- WORK REQUEST:
Pictures do not belong in the copy; print every entry exactly as it stands.

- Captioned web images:
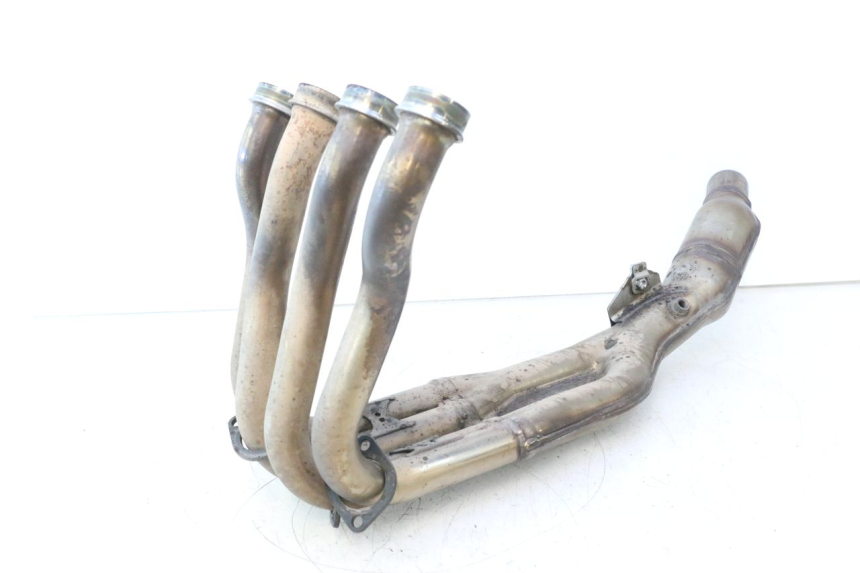 photo de COLLETTORE YAMAHA FZ8 800 (2010 - 2016) - Vista principale
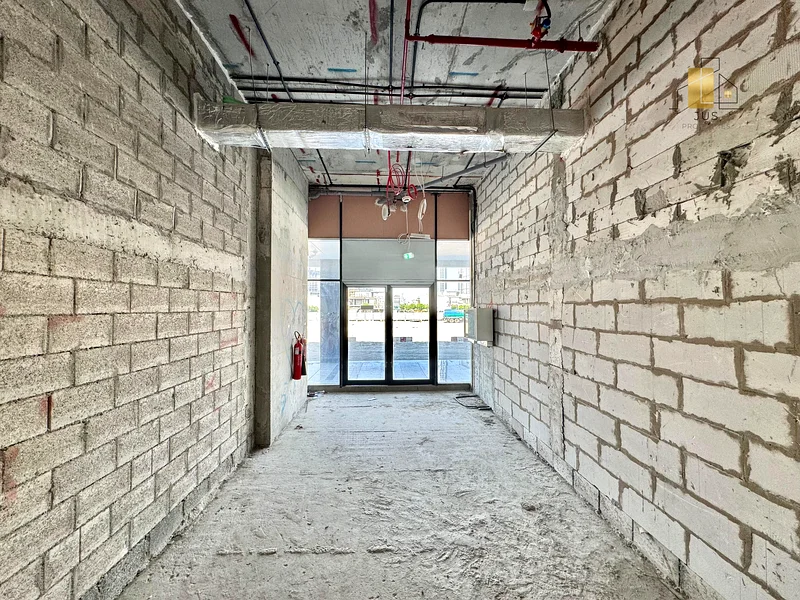 Prime Retail Opportunity | Chiller Free | Shell and Core64065259543170111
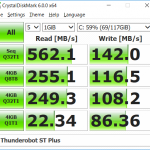 Thunderobot ST Plus SSD Benchmark (1)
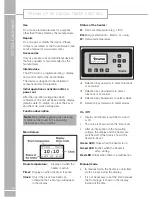 Preview for 4 page of Truma Boiler Manual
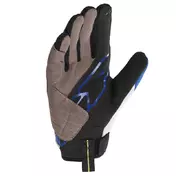 Spidi Flash-r Evo мотоперчатки Blue Синий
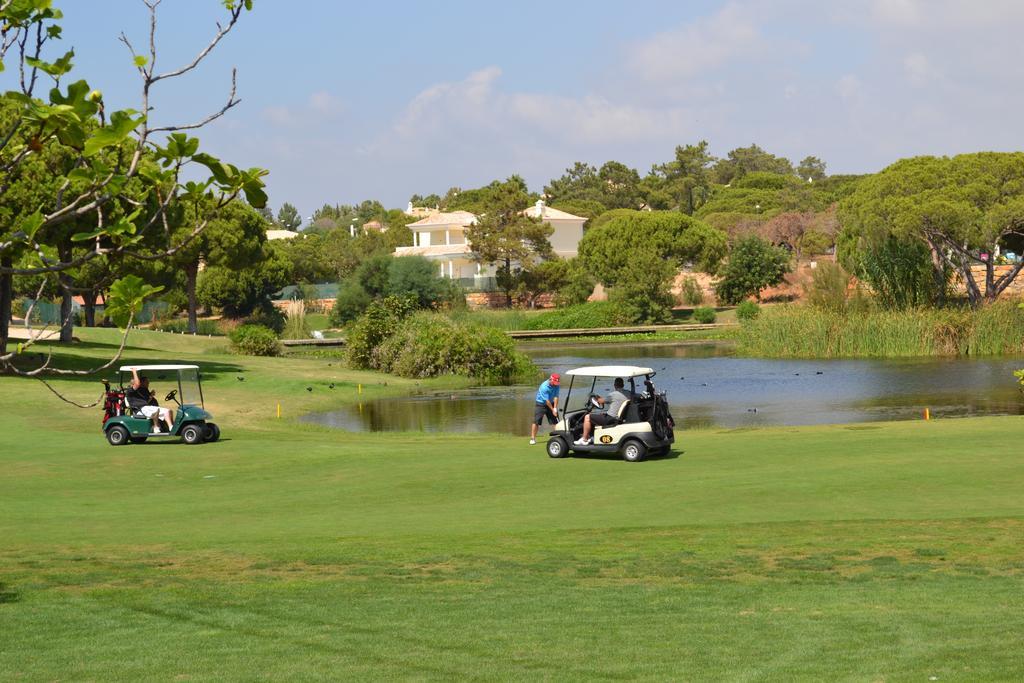 Mouraliz Apartments By Hd Properties - Vilamoura Marina 외부 사진
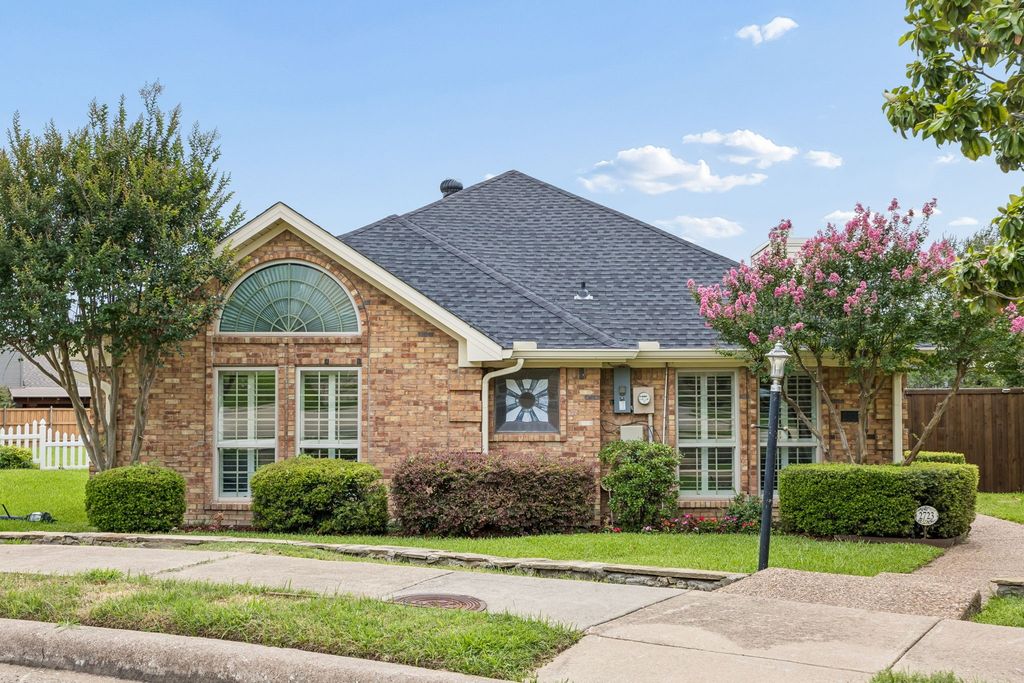 2723 Dali Drive, Dallas, TX 75287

- SOLUTION FOR THIS EXERCISE:
 photo de COLLETTORE YAMAHA FZ8 800 (2010 - 2016) - Vista principale
 Prime Retail Opportunity | Chiller Free | Shell and Core64065259543170111
 Thunderobot ST Plus SSD Benchmark (1)
 Preview for 4 page of Truma Boiler Manual
 Spidi Flash-r Evo мотоперчатки Blue Синий
 Mouraliz Apartments By Hd Properties - Vilamoura Marina 외부 사진
 2723 Dali Drive, Dallas, TX 75287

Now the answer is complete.